Prepare and serve the bowls individually, or make a party of it by placing ingredients on the table for everyone to enjoy assembling on their own. Just cook the rice and go…so easy.
Oh, and did we mention it’s amazingly delicious?
Cooking and preparation time: 40 minutes
Assembly: 10 minutes
Total time: about 50 minutes
INGREDIENTS
For the Dressing:
- 5 tablespoons freshly squeezed lime juice
- 2 tablespoons good quality extra virgin olive oil
- ½ teaspoon ground cumin
- ¼ teaspoon kosher salt
- ⅛ teaspoon black pepper
For the Bowl:
- 2 cups cooked basmati brown rice, per package instructions
- 1, 15.5 oz can black beans, rinsed and drained
- 4 cups romaine or head lettuce, chopped
- 1 pint grape tomatoes, cut in half
- 1 avocado, diced or sliced
- 1 cup fresh cilantro, chopped
- ½ small red onion, sliced
To serve, optional:
- Salsa
- Low fat sour cream
- Tortilla chips
- Lime wedges
- Hot sauce
INSTRUCTIONS
While the brown rice simmers, prepare the dressing and vegetables.
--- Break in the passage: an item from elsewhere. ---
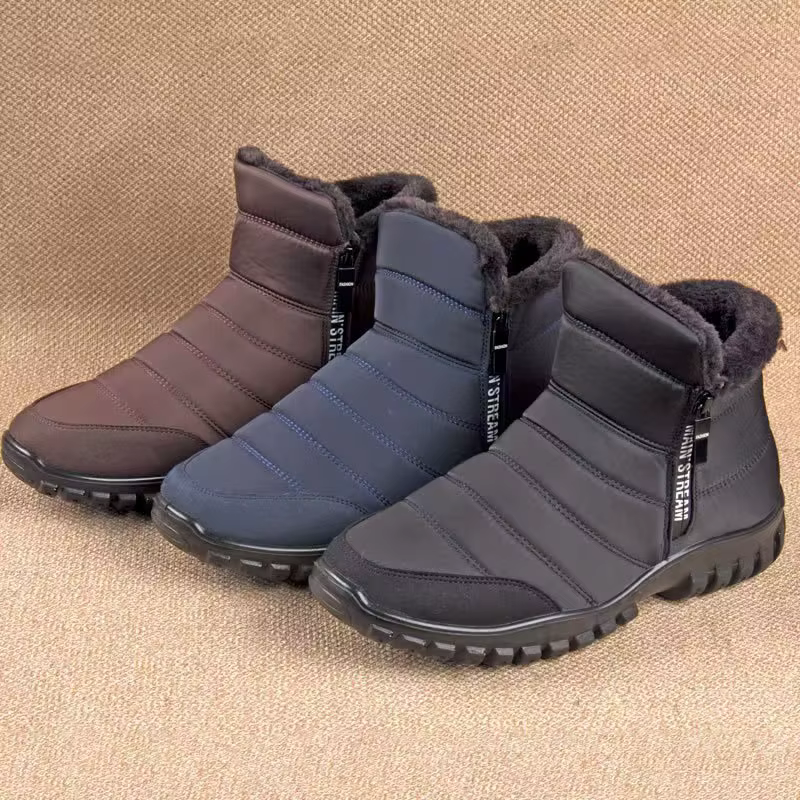 Chaussures d'hiver pour hommes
- For the dressing, whisk together lime juice, olive oil, and salt and black pepper in small bowl.
- Spoon ½ cup brown rice among four serving bowls. Divide the lettuce, black beans, tomatoes, avocado and cilantro between the bowls.
- Sprinkle with red onion and drizzle each serving with a tablespoon of dressing.
- Serve with salsa, sour cream, tortilla chips, lime wedges and hot sauce on the side, if desired.
Makes 4 servings.
Nutritional Information
Per serving: 385.8 calories; 16.3g total fat (2.8g saturated; 2.3g polyunsaturated, 9.2g monounsaturated); 467.3mg sodium; 0.0mg cholesterol; 10.7g carbohydrate; 54.8g sugars; 13.0g fiber; 11.9g protein; 526mg potassium.